Eye to Eye

Eye to Eye

by Maria Terrone (Bordighera Press, $15) “Her brow-less, half-closed eyes/ are no window./ It’s her parted lips that see.”

Recently a controversy broke out in social media as to the color of a certain dress. Was it black and blue or white and gold? Dare anyone make the accusation that it was green and red? The controversy was centered on the subjectivity of perception and the degree to which we can trust our understanding of reality. In Eye to Eye, the latest collection of poems from Maria Terrone, the reader shifts through the multitudinous perspectives which make up the past and present to reveal the emotional imagery common to the human experience.

Like all gifted poets, Terrone pulls her readers to the edges of human perception to show its limitations. In “Missing the Names” the poet laments the idea that she does not know the names of the birds singing or names of the trees they are singing in. Nor does she know the names of foreign countries as revolutions enflame the globe. Amidst these conflicts “impossibly brilliant birds squawk above/ plazas and plains, the bloodied nameless.” We do not know nature and we do not know ourselves, even as we destroy each other. “From Where I Sit” brilliantly explores Hitchcockian themes as the poet observes the world outside through a single window. As she remains in this setting people “always leave the frame, entering/ a realm I can only imagine.”

There is a constant sense of movement in Terrone’s work. “Reunion” glides around a dinner table, past conversations, through youth and age, as a family breaks bread together. “Red flits/ across the road/ as if a bright thought/ could not be contained/ in the mind’s Forest Grimm” in the poem “Cardinal.” In fact, it is thoughts and memories that provide the most engaging movements in the collection. Terrone deftly captures the way the mind weaves between thoughts in poems like “Off-Season”, as the memory of her dying father is interspersed with scenes from a beach. “Anew” humbly begins with cleaning, continues with a hopeful dream about Manhattan, before finally ending on a heavenly island in the Mediterranean.

It is in her imagery that Terrone draws connections, disparate as her readers may be. We are shown “white threads rejoining the divided body” in the poem “Horsehair” in which doctors, Civil War soldiers, and the poet herself must come to terms with mortality.  With lines like “black waves toss wild against the whorl” and “hours squeeze/ themselves out like a saline drip” we can feel the emotional intensity of the poet as we move through her work. Even the sparseness of an almost empty park is tense in the poem “Tableau”, as its three characters desperately avoid intimacy. In this tension we discover that, despite the limits of our perspectives, we are not alone in them.

Eye to Eye is a wonderful book and what is more, an exciting journey.

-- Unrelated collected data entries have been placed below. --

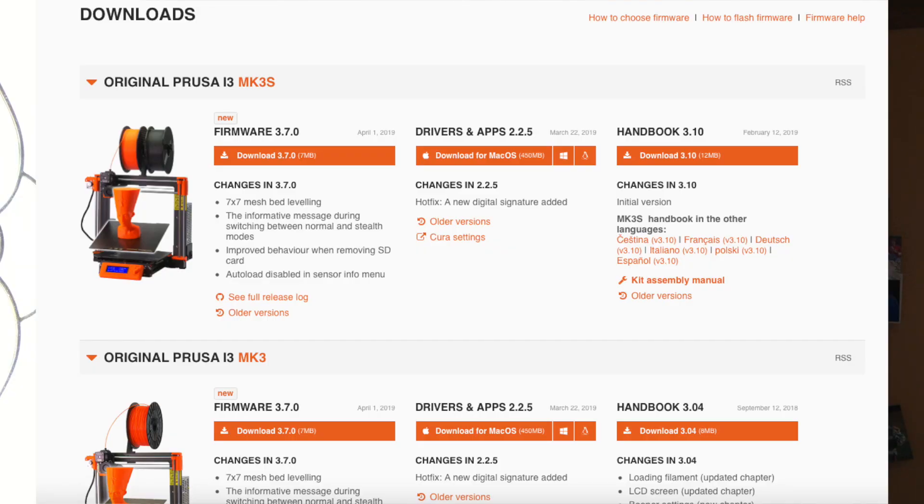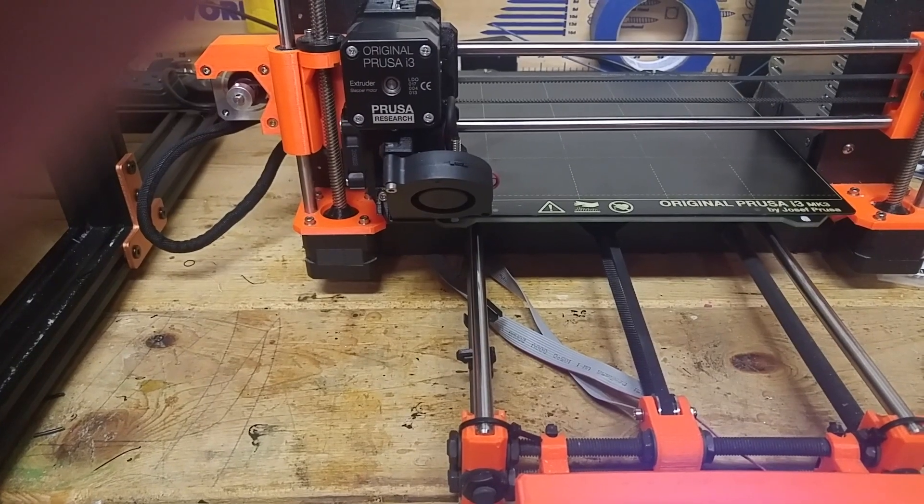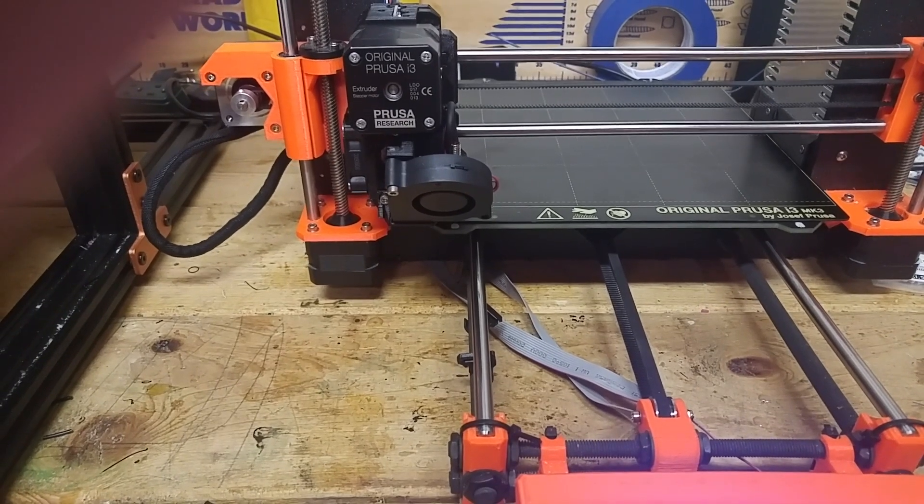So on April 1st, 2019, Prusa released firmware update 3.7.0 for all the printers, and it included as the main feature 7x7 mesh bed leveling. This is an update from the 3x3 mesh bed leveling.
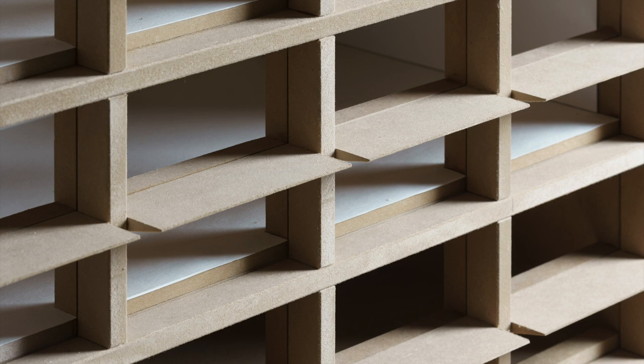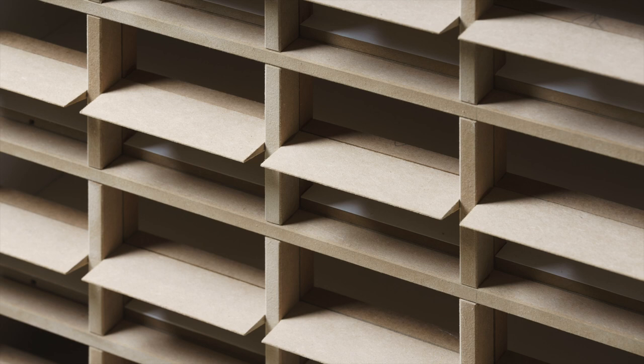This model was actually quite useful during the construction, because when they were doing the concrete works they could see all the connections and where they should put these pieces that divide the different pourings — because this is poured on site. A lot of people ask if it's precast concrete because it's so smooth, but everything is poured here.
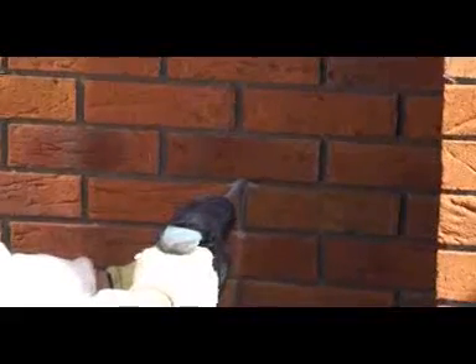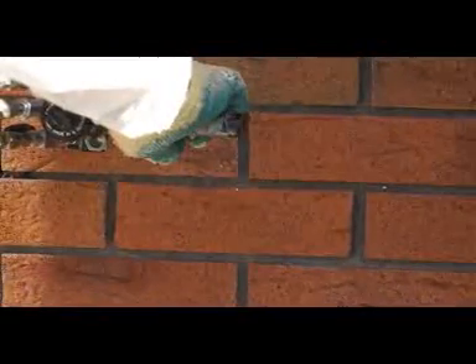Brick facades have always been a problem for traditional cavity fill systems. The large 30mm diameter holes needed for traditional cavity fill systems damaged the brick and were very difficult to repair post-treatment. Our cavity foam injection system needs only a 10mm diameter hole to get in through the brickwork, and therefore we can typically inject through the mortar bed of the brickwork without any damage to the brickwork.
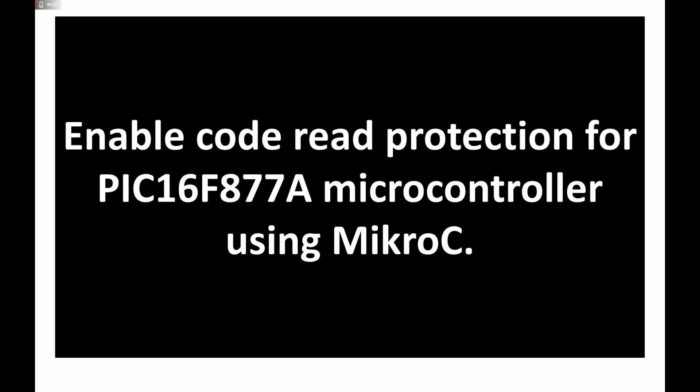For demonstration, we will have a basic circuit where we write a code to blink an LED, and I will show you how to apply protection so that if someone tries to read it, they will not be able to get any data. This will be our PIC16FA77A microcontroller. This is applicable to all microcontrollers found in the MicroC library — PIC has all PIC microcontrollers in MicroC library.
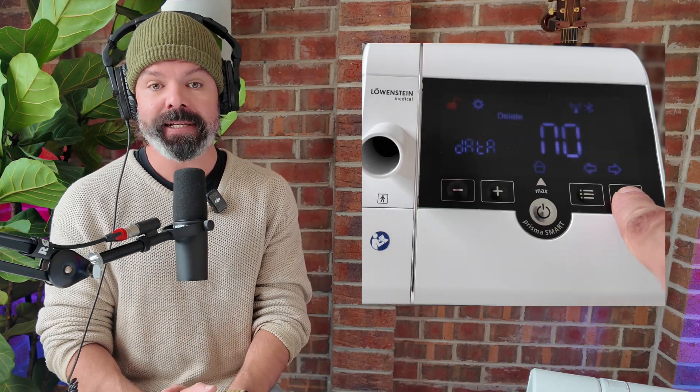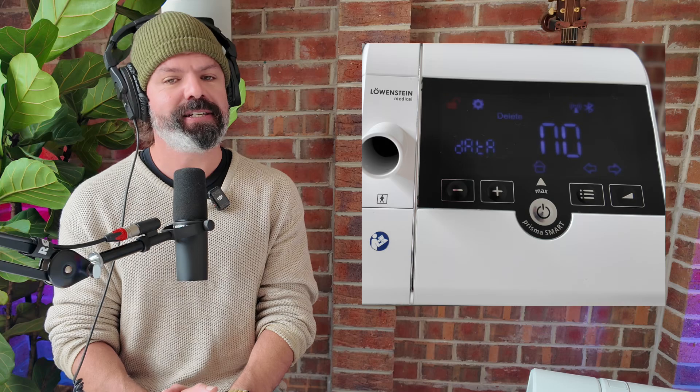Next up is delete data — and you guessed it, that's exactly what it will do. It will format the SD card and erase all stored data, and once it's gone, you can't get it back. So make sure that you upload your therapy data to Sleep HQ so you always have a backup, or you can copy your SD card to your computer, upload it to Google Drive, whatever you want. It's always good to have a backup of your therapy data just in case.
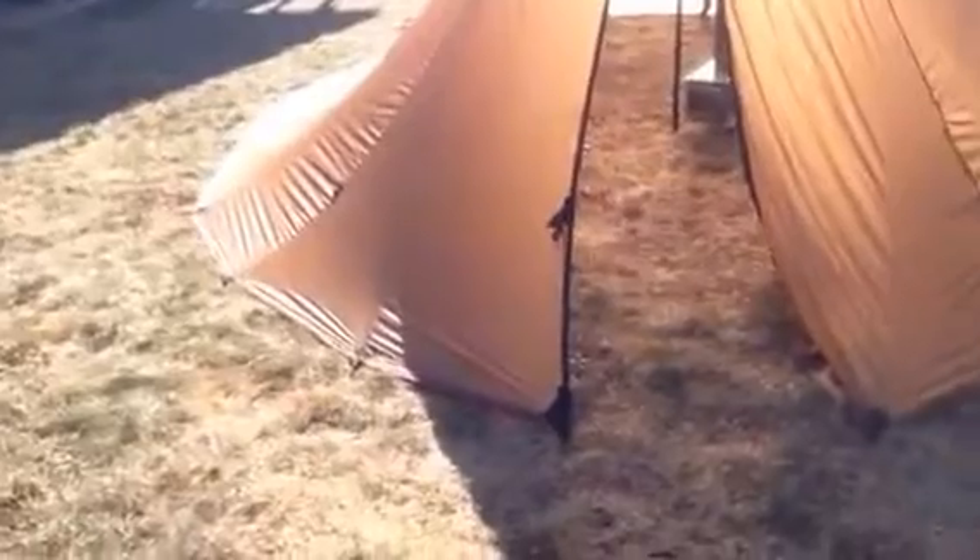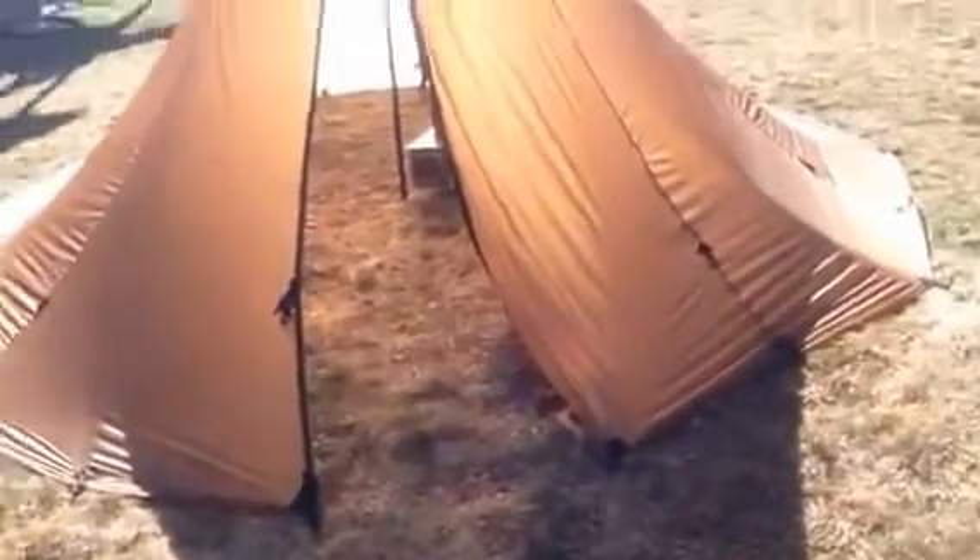I just threw this up in my backyard to try it out real quick. Seek Outdoors 8-Man Ultralight teepee — it's amazing. It is the back end of November. We're going to use this in January on a bug out video for Knife HQ.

The best poems are those in which Terrone lets her subconscious take over as the reader is guided through memories and dreams to the exquisite landscapes of her imagination. Despite a few cerebral jolts that interrupt this flight of the subconscious, it is a true pleasure to embark upon this journey with her. Like the character in “The Diarist”, I hope this poet keeps “writing down her life,/ snippets squeezed against/ margins, hugging the bars/ of spiral notebooks.”


Benjamin Schmitt

Benjamin Schmitt’s poetry has been published or is forthcoming in Hobart, Grist Journal, Two Thirds North, Matter, The Monarch Review, and elsewhere. His first book was published in 2013 by Kelsay Books. It is entitled The global conspiracy to get you in bed. He lives with his wife in Seattle where he teaches workshops to both children and adults.